The protest, which took place at the Allenby Crossing to Jordan, was organized by the Tzav 9 movement—an activist group that opposes the transfer of goods to the Hamas-ruled enclave as long as the hostages are held there.
Activists slashed the tires of two trucks transporting aid from Jordan to Gaza, forcing the vehicles to turn back, Ynet reported.
“While the Israeli government allows the entry of tons of aid into Gaza, this aid goes to Hamas and it isn’t getting to our hostages, who are in torment—as we saw in Hamas’s propaganda videos of Evyatar and Rom over the weekend,” Kroizer told JNS on Monday.
He was referring to the release last week of a Hamas propaganda video showing Evyatar David in a severely emaciated state inside a Gaza tunnel, while Palestinian Islamic Jihad published a similar clip of Rom Braslavski.
Kroizer said that opposition to the aid policy exists within the ruling coalition, adding that “it’s one thing to hear that the government sent 200 trucks of aid—it’s another to see those trucks with your own eyes and then look at the pictures of our hostages.”

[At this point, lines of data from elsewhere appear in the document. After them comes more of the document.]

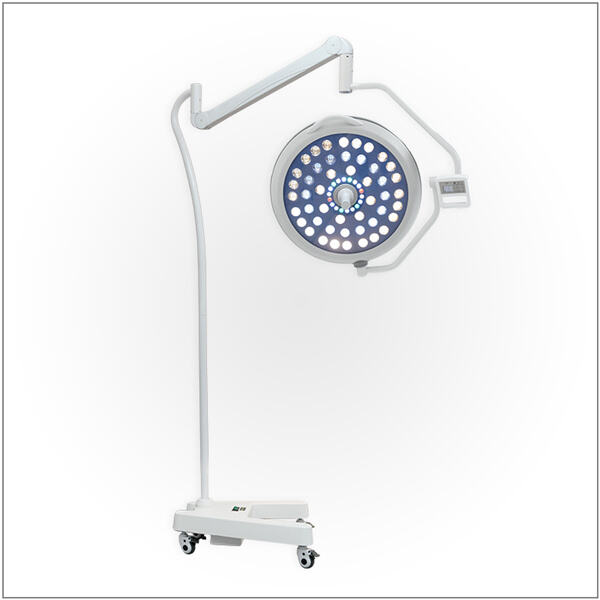 Adjustable brightness and color temperature for optimal visibility during surgeries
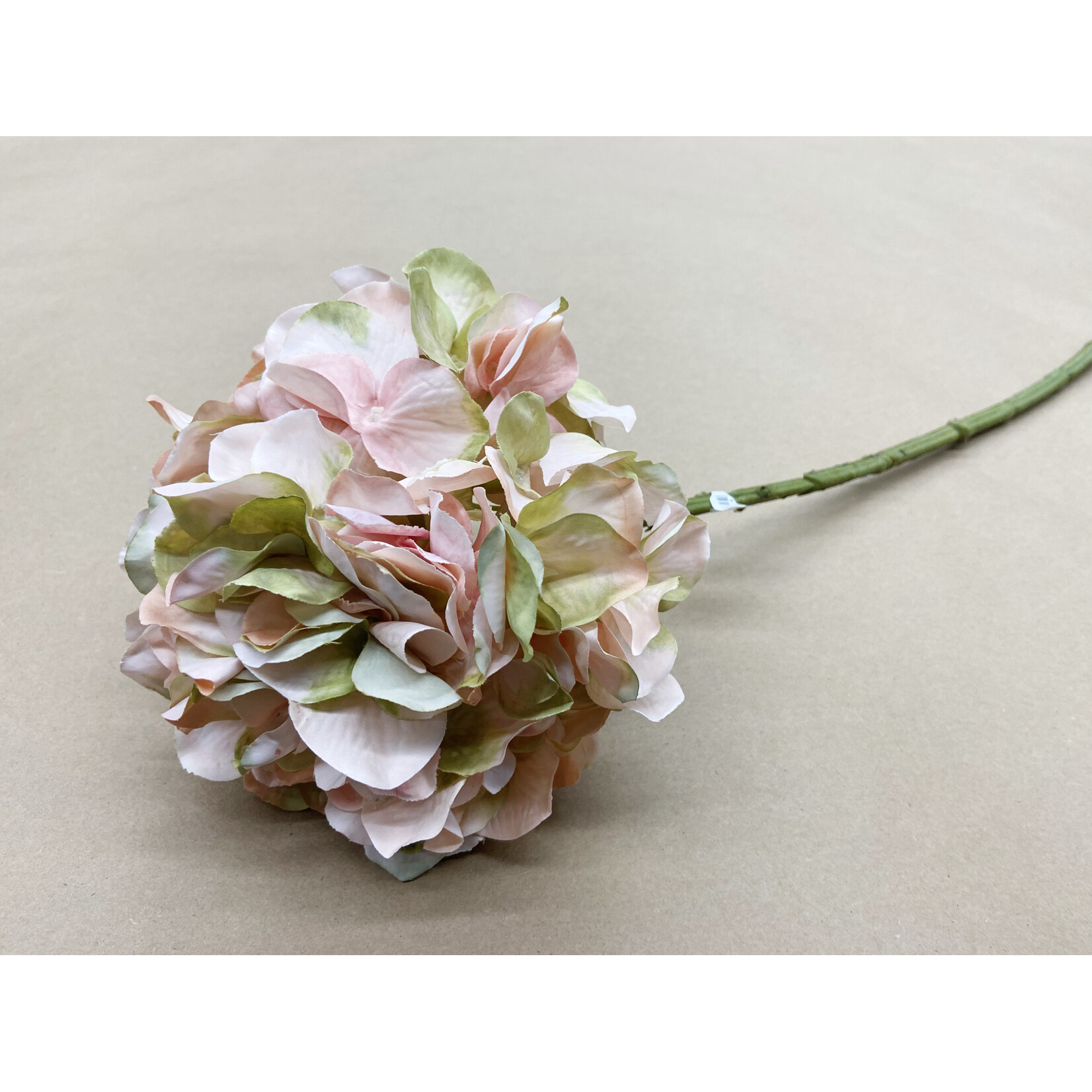21" HYDRANGEA SPRAY MAUVE GREEN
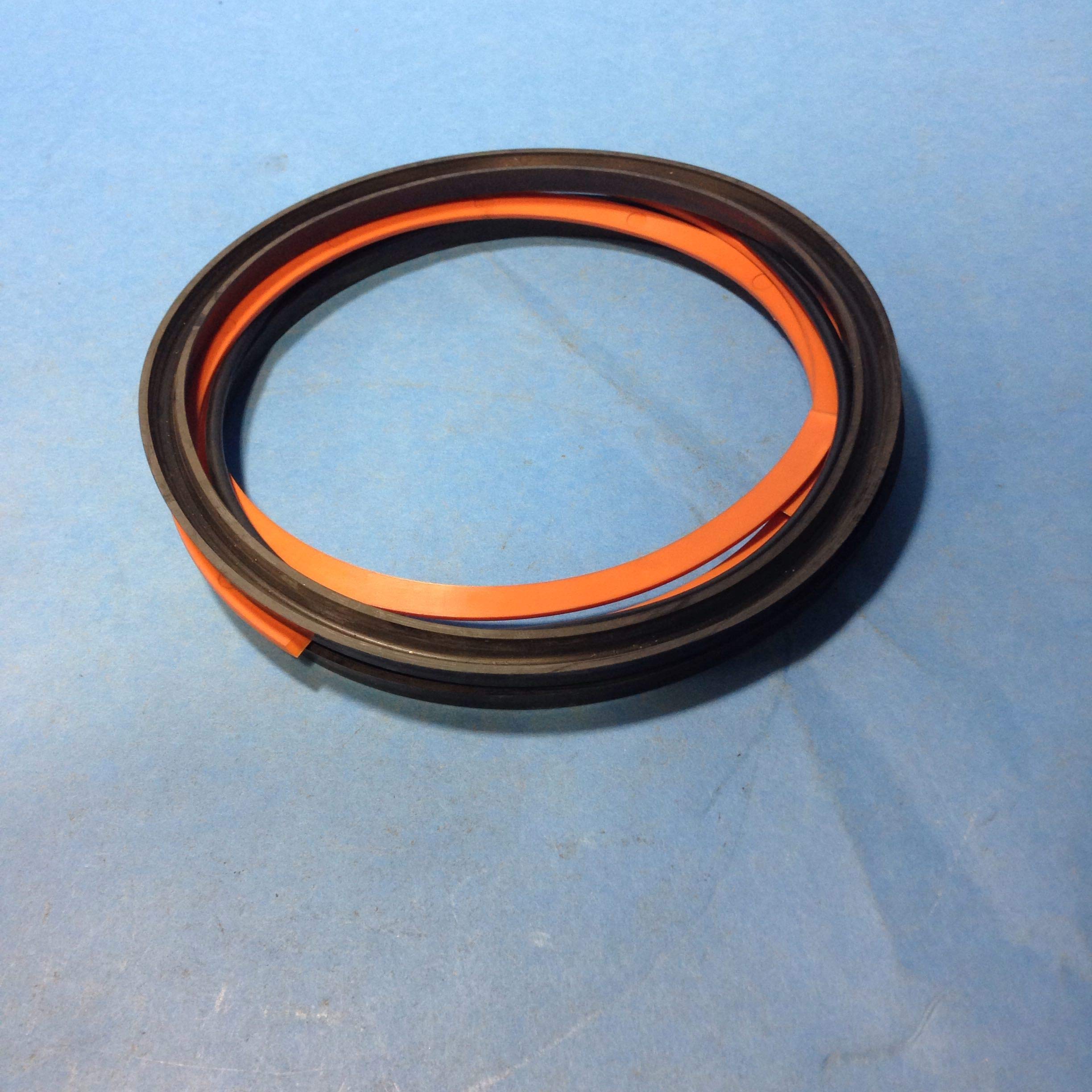 CYLINDER DIVISION PK602HLL01 2 - Nitrile U-Seals, Nitrile, Piston Seal KIT, 6 INCH, 2 - Urethane Back UP Rings, Contain: 2 - Nitrile O-Ring Head Seals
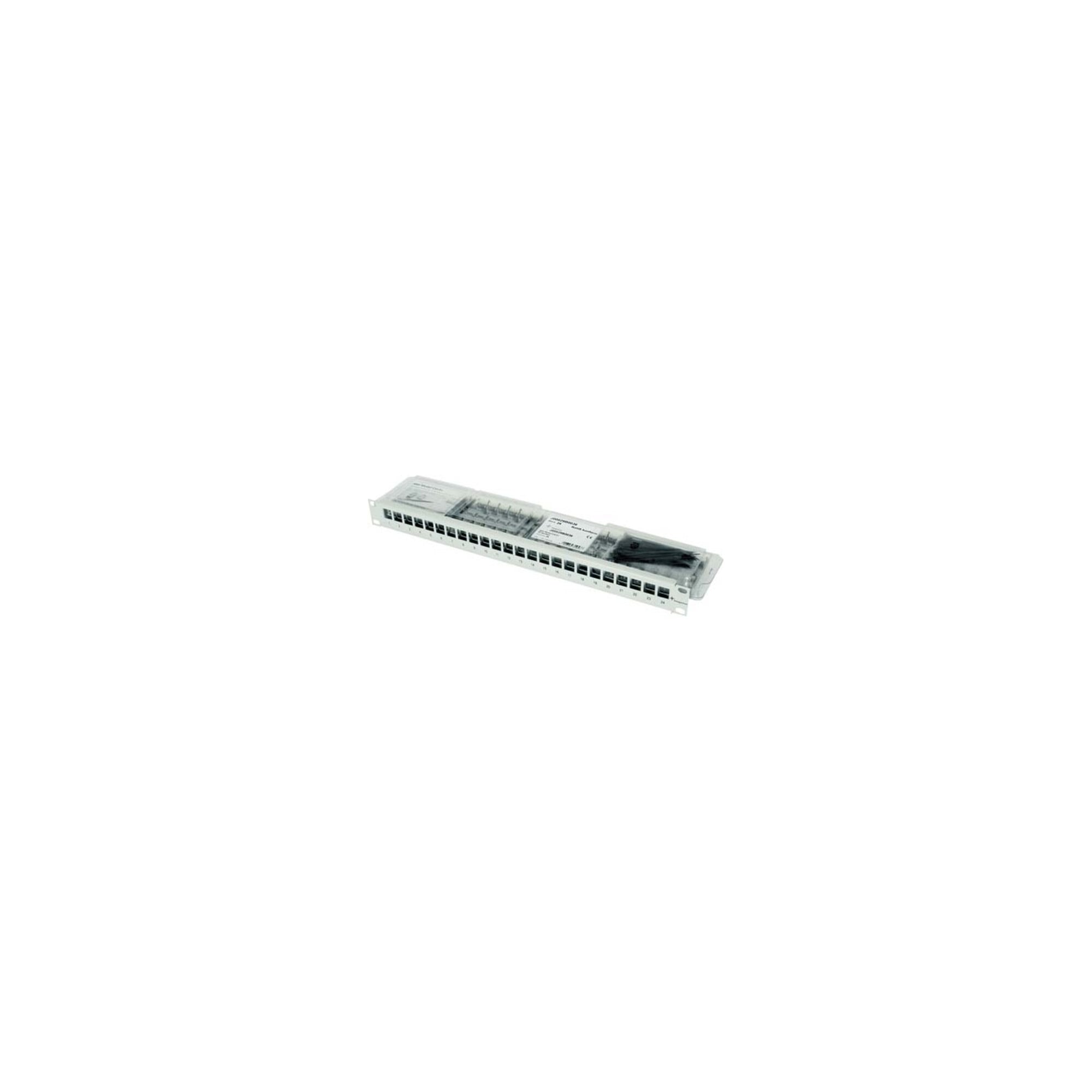 Telegärtner Modulträger 1HE incl. 24AMJ Module 100007029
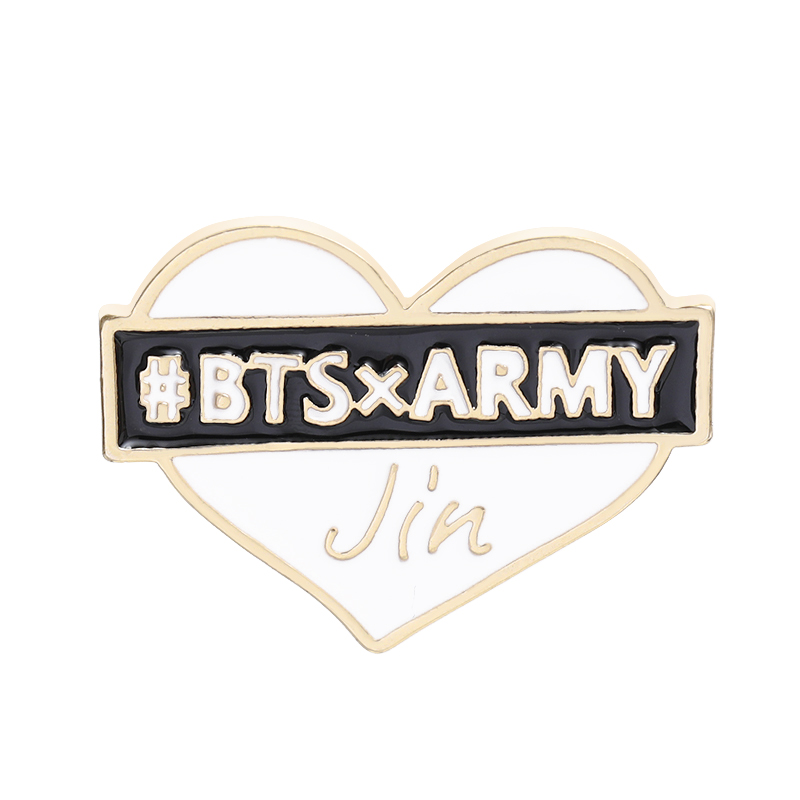 K-POP Band BTS Army Brooch Badge Pin kpop band
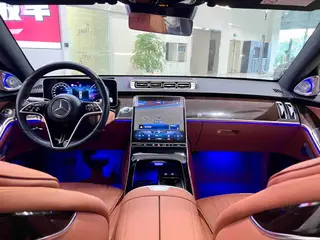 Mercedes-Benz S-Class 2021 S 400 L De lujo interior foto 7 Mercedes-Benz S-Class 2021 S 400 L De lujo interior foto 7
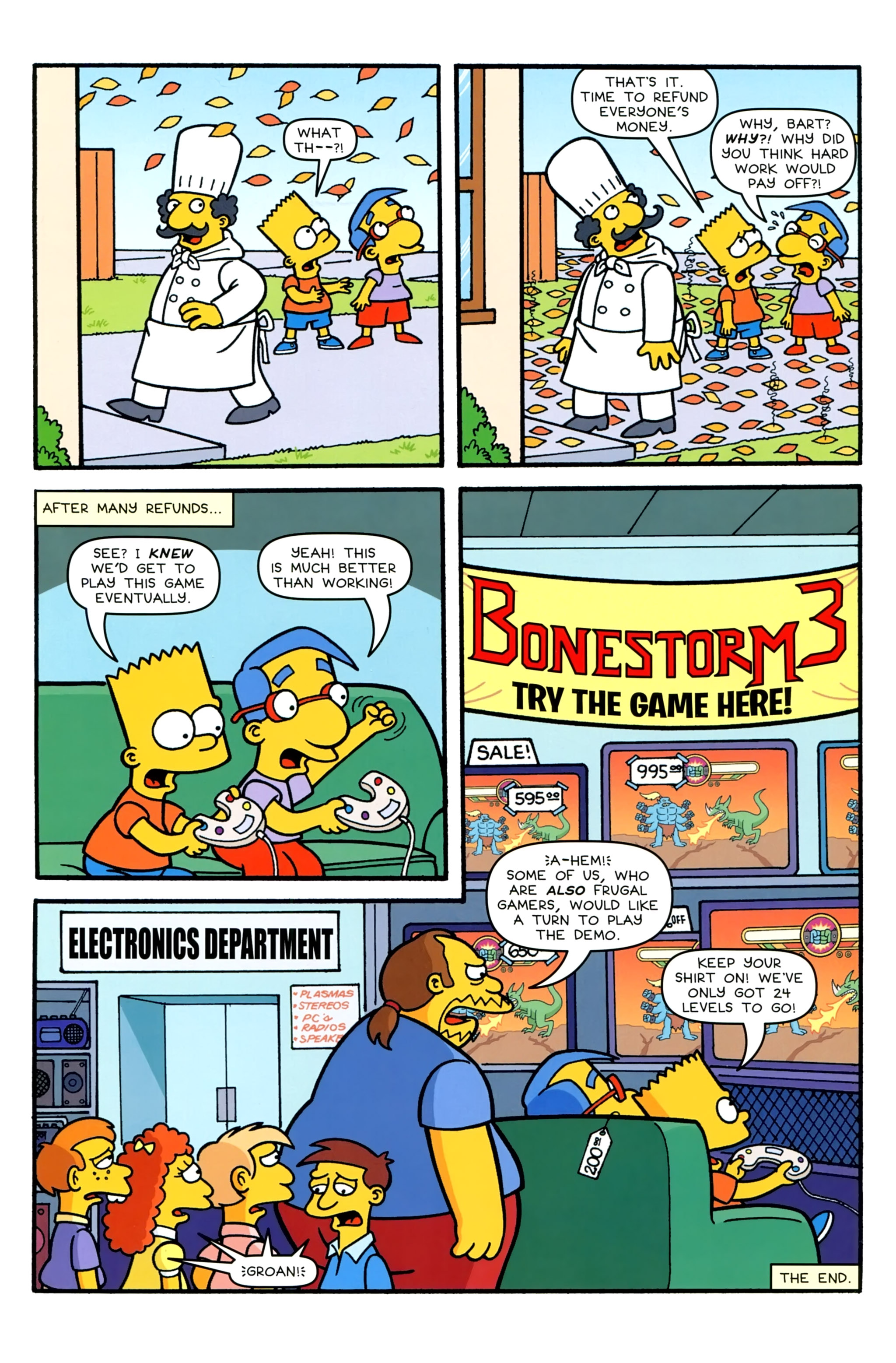 Read online Simpsons Comics comic -  Issue #231 - 11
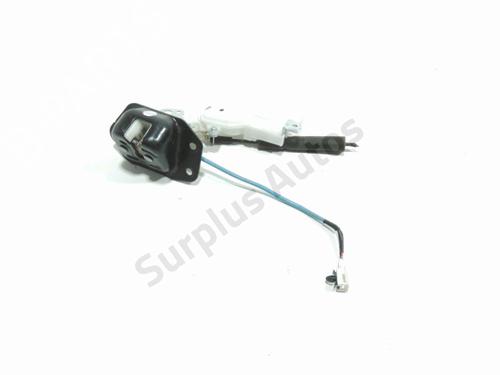 Used Tailgate lock NISSAN MICRA IV (K13K, K13KK) 1.2 DIG-S (98 hp) 28260829
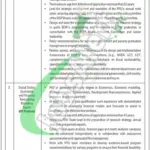 Apply in Benazir Income Support Programme Jobs 2025 Federal Govt Latest BISP Advertisement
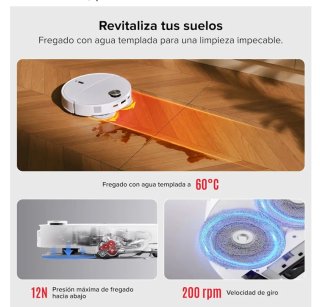 Robot Aspirador Mova E20 Plus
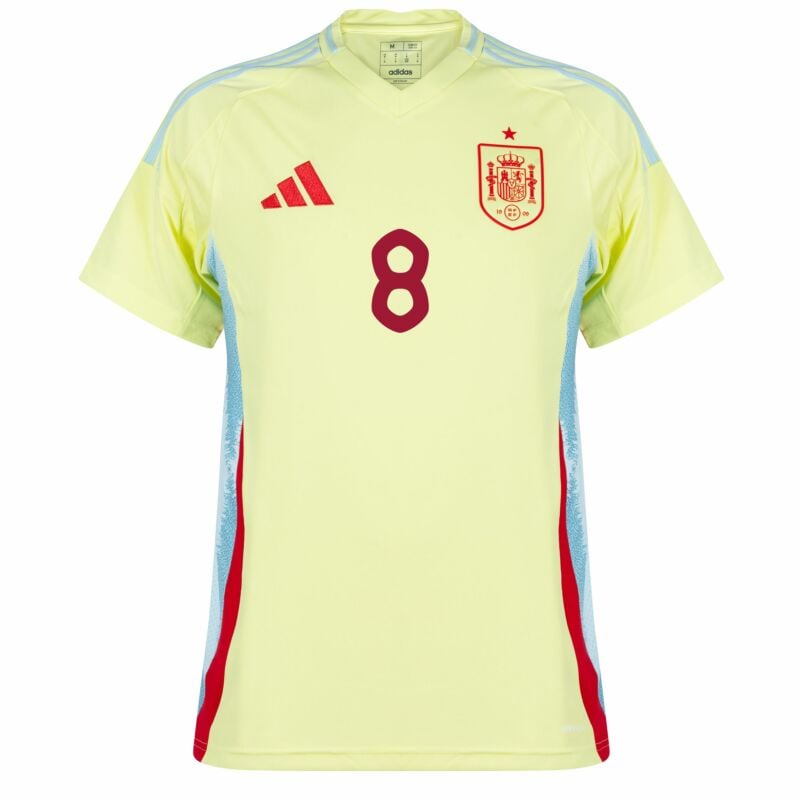 2024 2025 Spain Pedri Away Uniform-ProGear Kits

He noted that Prime Minister Benjamin Netanyahu had recently excluded National Security Minister Itamar Ben-Gvir from a Cabinet-level discussion on continuing aid deliveries, reportedly due to his outspoken opposition.
“If we want to bring our hostages back as soon as possible, we must halt the flow of aid to Gaza,” Kroizer said, calling on Netanyahu to instruct IDF Chief of Staff Lt. Gen. Eyal Zamir to assume full military control over the Strip. Only then, he asserted, could Israel begin implementing U.S. President Donald Trump’s plan to relocate Gazans to third countries.
“In the meantime, we must continue protesting and doing everything possible to stop the aid trucks,” he said.
Netanyahu on Sunday accused Palestinian terrorist organizations of starving the hostages held in Gaza Strip for 668 days “like the Nazis starved the Jews.”
The Israeli military late last month announced a series of humanitarian steps aimed at refuting the false claims that Jerusalem was deliberately starving Palestinian residents of the coastal enclave, including “tactical pauses” in the war on Hamas.
Elkana Federman, who served as chief of security for the Supernova music festival during the Oct. 7, 2023, massacre, told Ynet that he decided to block the supply trucks after PIJ published the propaganda video of Braslavski.
“He is starving in captivity while they are delivering food to the enemy,” Federman said of Braslavski, who was kidnapped while securing the music festival. “We cannot allow this to happen—we are fighting it.”